Cathode overcomes key challenges in water electrolysis for clean energy

A new kind of cathode that is more resistant to power fluctuations can render (sea)water electrolysis more sustainable, cost-effective, and more suited for coupling with intermittent renewable energy in real-world applications, according to scientists at City University of Hong Kong (CityUHK).

The system operates stably for 10,000 hours, longer than most previous methods, even when the energy supply fluctuates, such as from solar or wind, helping move toward a carbon-free future.

“Our work mainly addresses what’s called oxidation and performance loss issues during intermittent alkaline (sea)water electrolysis, such as reverse currents, self-oxidation, self-discharge, or oxygen crossover, using a special protective layer on the electrodes,” explains Professor Liu Bin from the Department of Materials Science and Engineering.

The benefit of the study, which has been published in Nature, is that the findings point toward making (sea)water electrolysis scalable and practical.

“The technology works at industrial-scale current levels and can withstand harsh conditions, making it suitable for large-scale deployment. It is specifically designed to address scientific challenges in real-world applications,” he says.

The self-healing cathode addresses a key reactor engineering challenge: maintaining electrolyzer stability under intermittent conditions, i.e., when the sun doesn’t shine or the wind drops.
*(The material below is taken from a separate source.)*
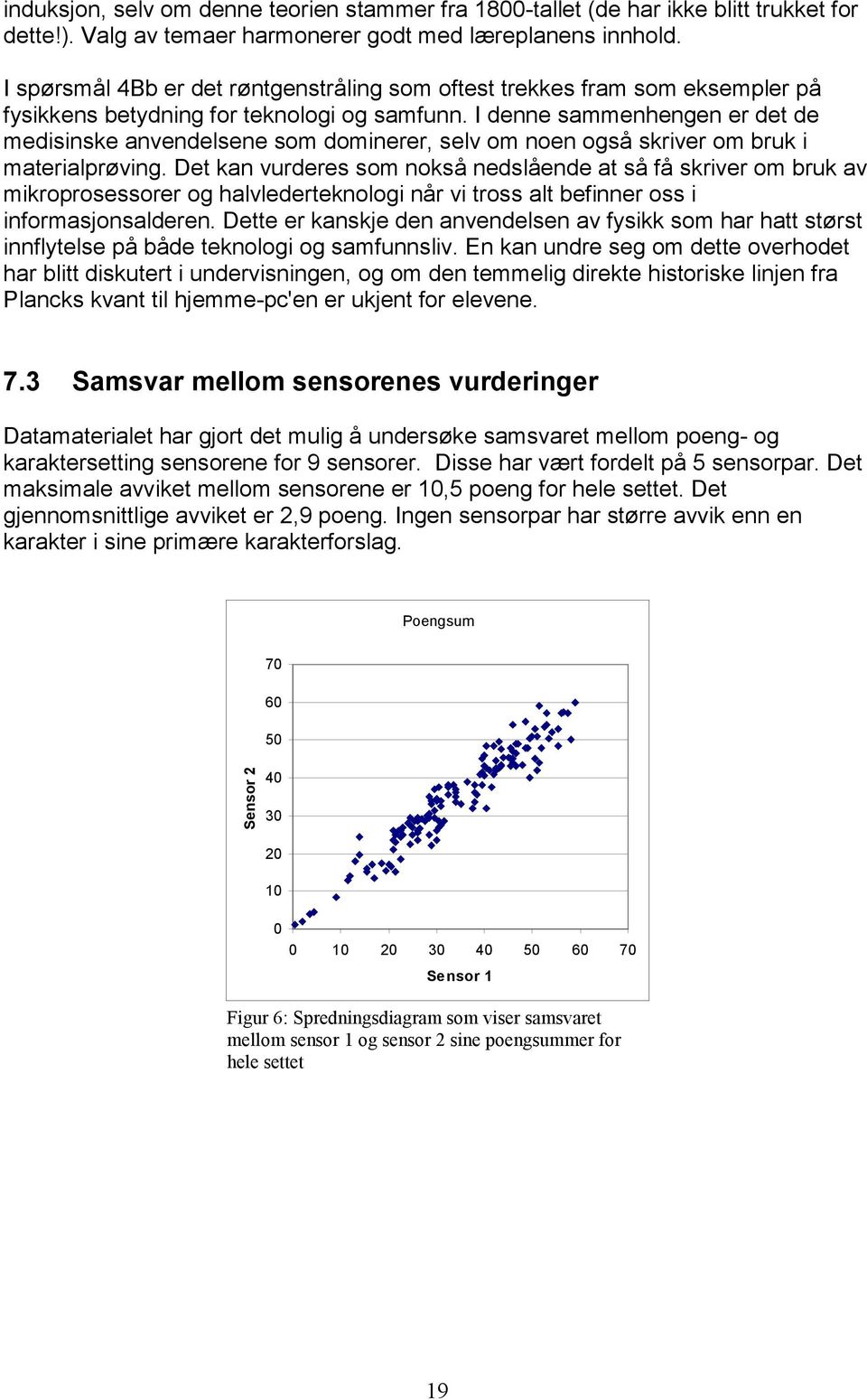 I denne sammenhengen er det de medisinske anvendelsene som dominerer, selv om noen også skriver om bruk i materialprøving.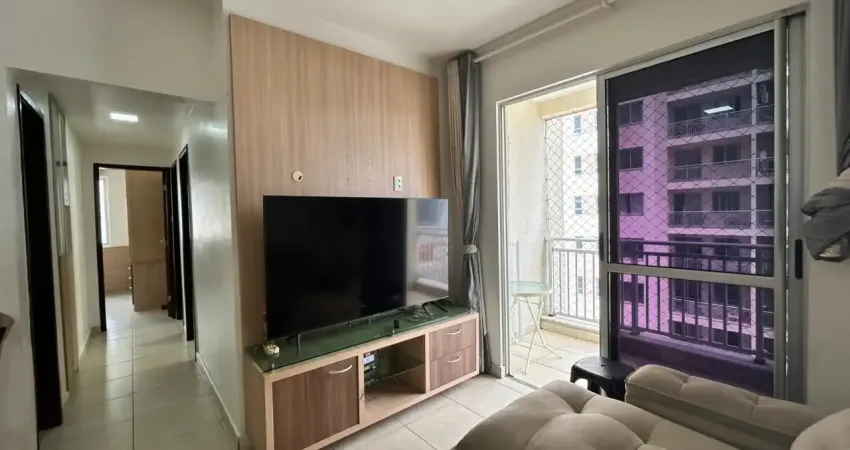 Weekend Apartamento 79m² 3 quartos sendo 1 suíte mobiliado 2 vagas cobertas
This advancement mitigates electrode degradation issues in anion exchange membranes and alkaline electrolyzers when coupled with fluctuating renewable energy sources.

More importantly, the study draws attention to the often-overlooked issues of electrolyzers under realistic, variable working conditions and calls for collective efforts to tackle the scientific and technical challenges of intermittent electrolysis.
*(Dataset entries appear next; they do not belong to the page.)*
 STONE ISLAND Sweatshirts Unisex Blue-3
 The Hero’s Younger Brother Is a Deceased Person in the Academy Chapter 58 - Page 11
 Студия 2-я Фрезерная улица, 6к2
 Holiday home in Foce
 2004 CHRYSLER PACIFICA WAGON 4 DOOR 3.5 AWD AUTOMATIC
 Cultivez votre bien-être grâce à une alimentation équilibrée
“This work lays a foundation for more resilient systems and accelerates the development of the green hydrogen industry,” Professor Liu adds.

Furthermore, future electrocatalytic systems for chemical and fuel synthesis, such as oxygen reduction reaction, CO₂ reduction and nitrogen reduction, will face similar shutdown and start-up issues when paired with renewable energy sources.

The insights from water electrolysis under fluctuating conditions today can be extended to these systems, helping ensure that a broad range of future electrochemical technologies can be effectively integrated into renewable energy grids, accelerating progress toward net-zero.

“This research brings us closer to clean, sustainable energy powered by green hydrogen, replacing fossil fuels in areas such as transportation and the home. It supports a future that will be characterized by clean energy that is affordable, accessible, and available to everyone, leading to improved health, a better protected environment, and ‘green’ jobs,” he adds.